* [YOUR INSTRUCTIONS]:
The answer should be a faithful retyping of the records that follow, pictures excluded.

* [RECORDS FOR THE TASK]:
○ ○ ○ ○ ○ ○ ○

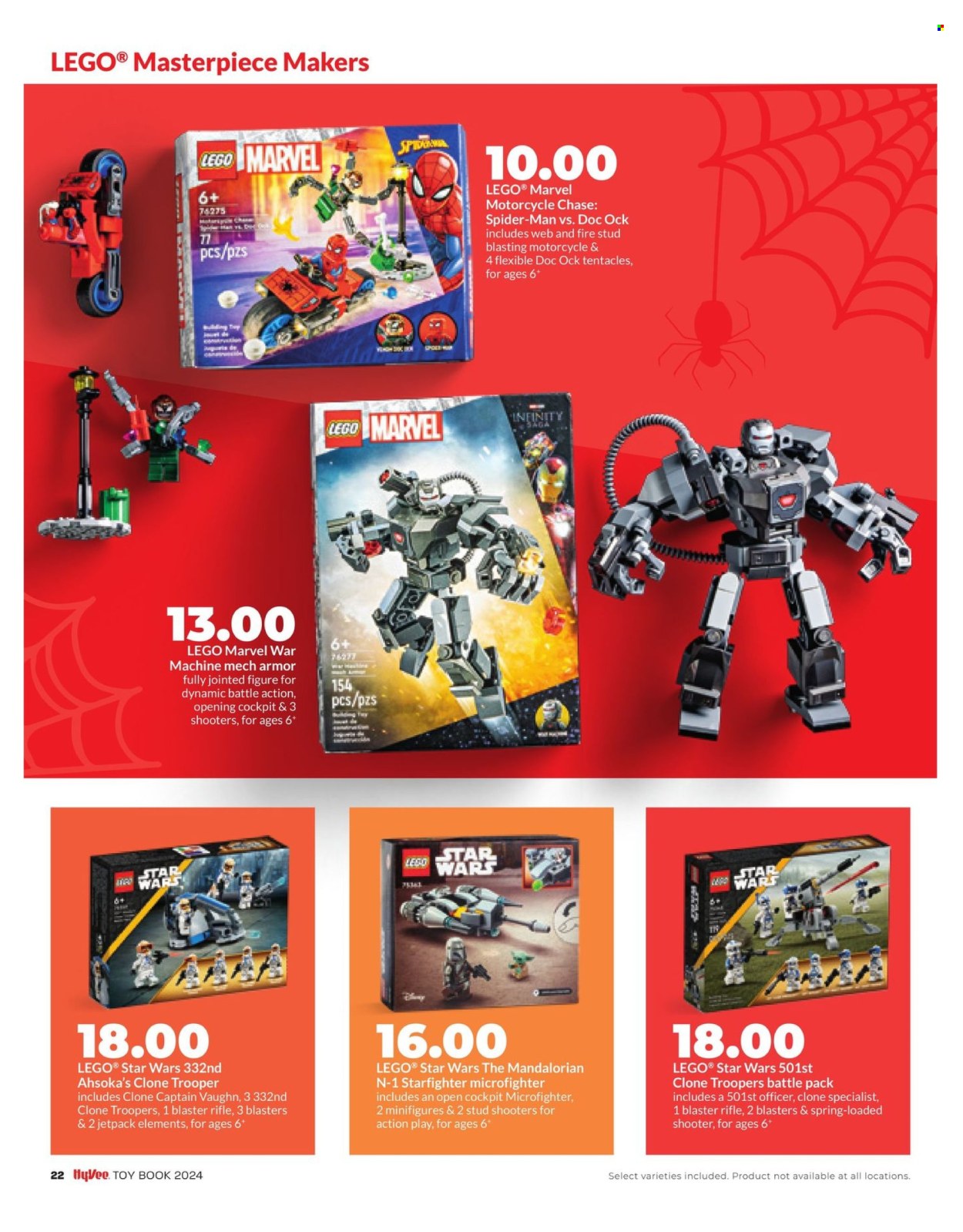 Hy-Vee ad - 11/11/2024 - 12/31/2024. Page 22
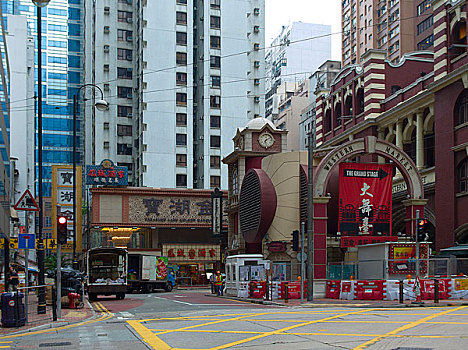 中国香港西港城
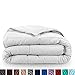 Bare Home Duvet Insert Kids Comforter - Extra Long - Goose Down Alternative - Ultra-Soft - Premium 1800 Series - All Season Warmth - Bedding Comforter (Twin/Twin XL, White)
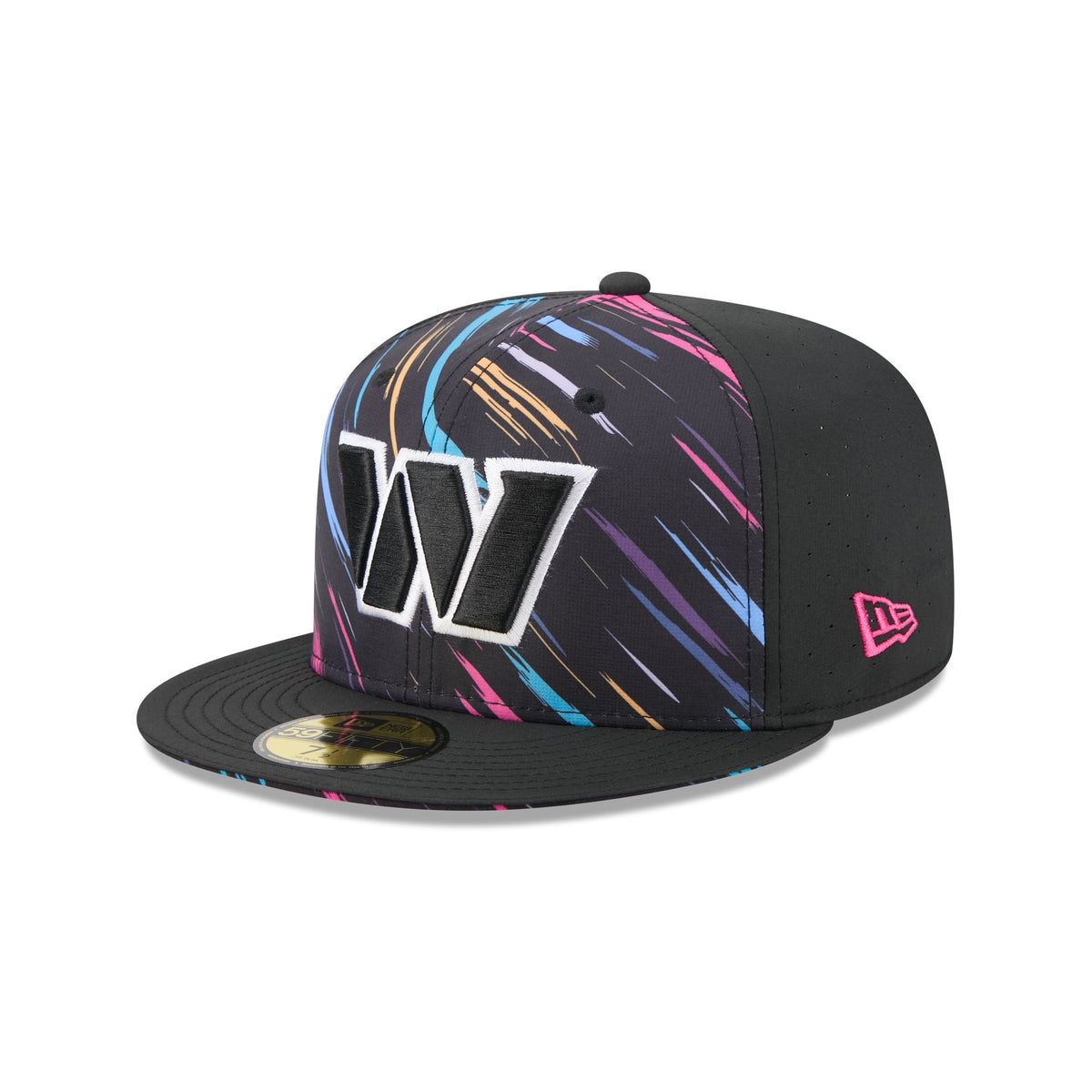 Washington Commanders 2026 Crucial Catch 59FIFTY Fitted Hat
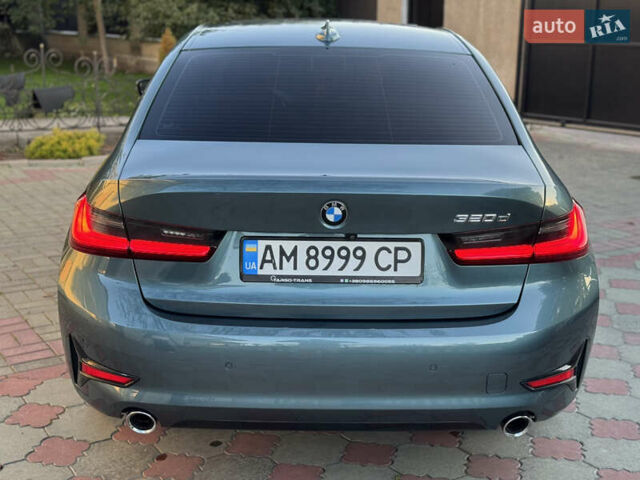 Синий БМВ 3 Серия, объемом двигателя 2 л и пробегом 260 тыс. км за 28500 $, фото 9 на Automoto.ua
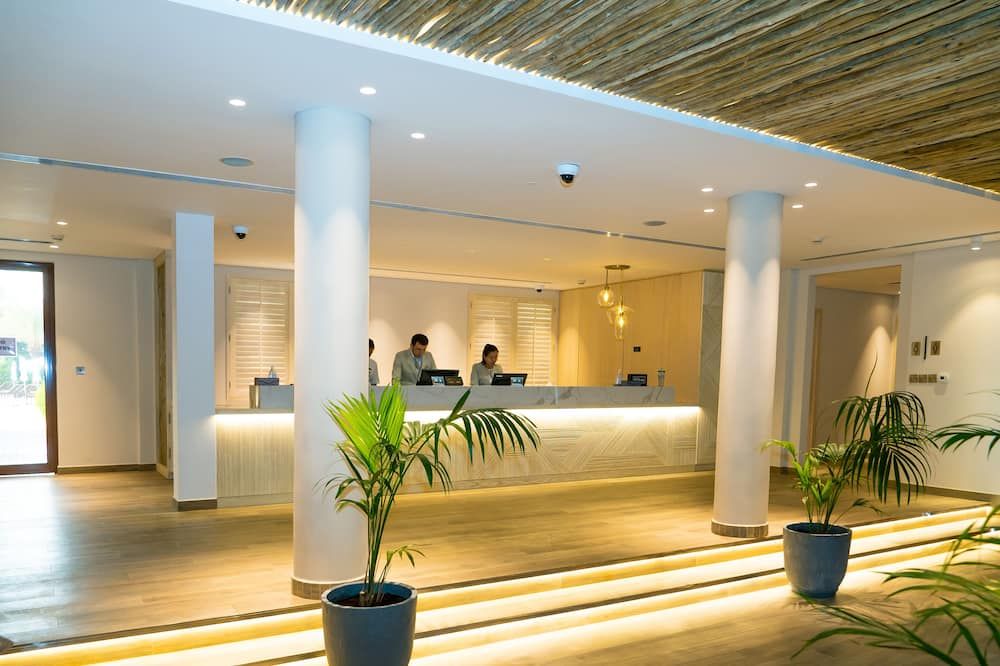 Front desk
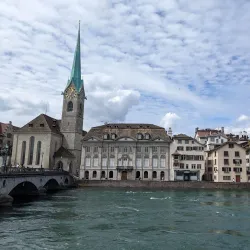 Grossmünster Church - Zurich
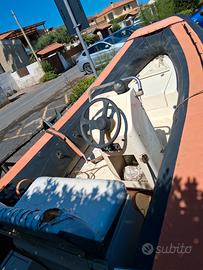 Gommone 4 mt ghiglia rigida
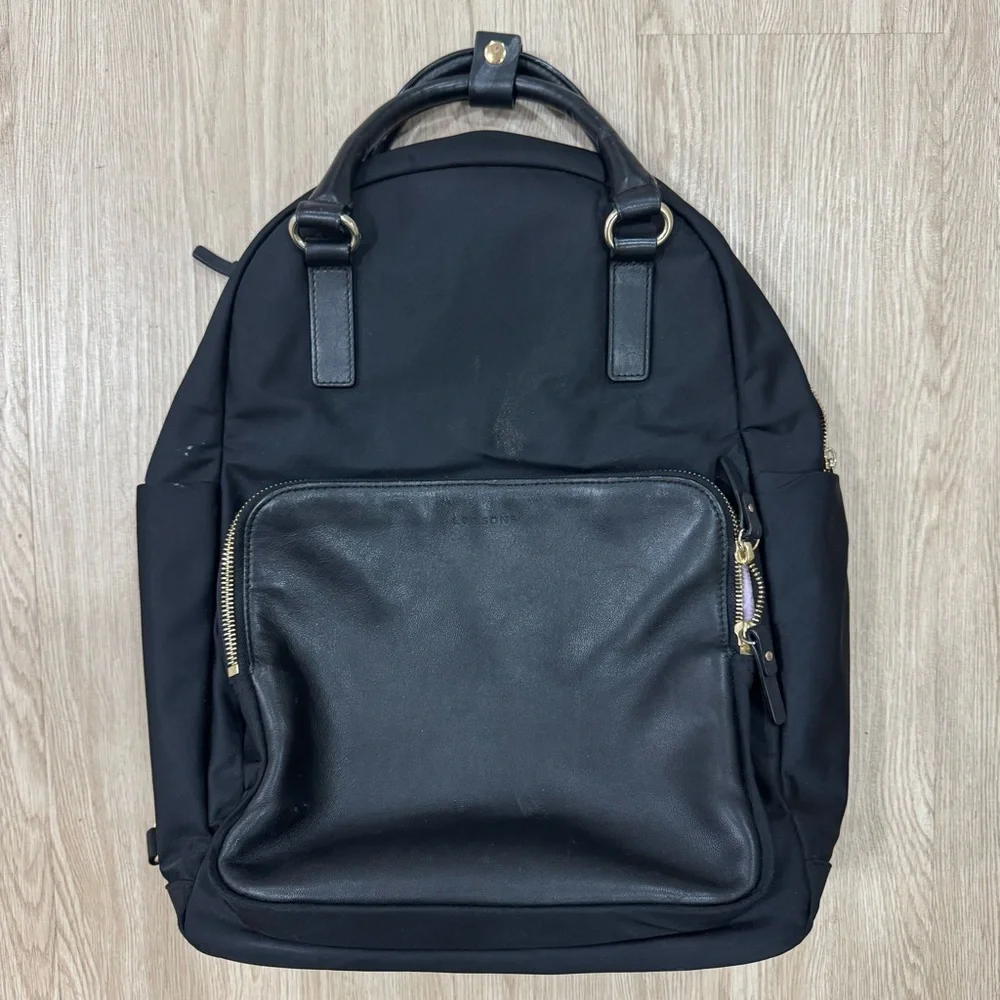 Lo & sons laptop travel nylon backpack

○ ○ ○ ○ ○ ○ ○

* [PROBLEM SOLUTION]:
 Hy-Vee ad - 11/11/2024 - 12/31/2024. Page 22
 中国香港西港城
 Bare Home Duvet Insert Kids Comforter - Extra Long - Goose Down Alternative - Ultra-Soft - Premium 1800 Series - All Season Warmth - Bedding Comforter (Twin/Twin XL, White)
 Washington Commanders 2026 Crucial Catch 59FIFTY Fitted Hat
 Синий БМВ 3 Серия, объемом двигателя 2 л и пробегом 260 тыс. км за 28500 $, фото 9 на Automoto.ua
 Front desk
 Grossmünster Church - Zurich
 Gommone 4 mt ghiglia rigida
 Lo & sons laptop travel nylon backpack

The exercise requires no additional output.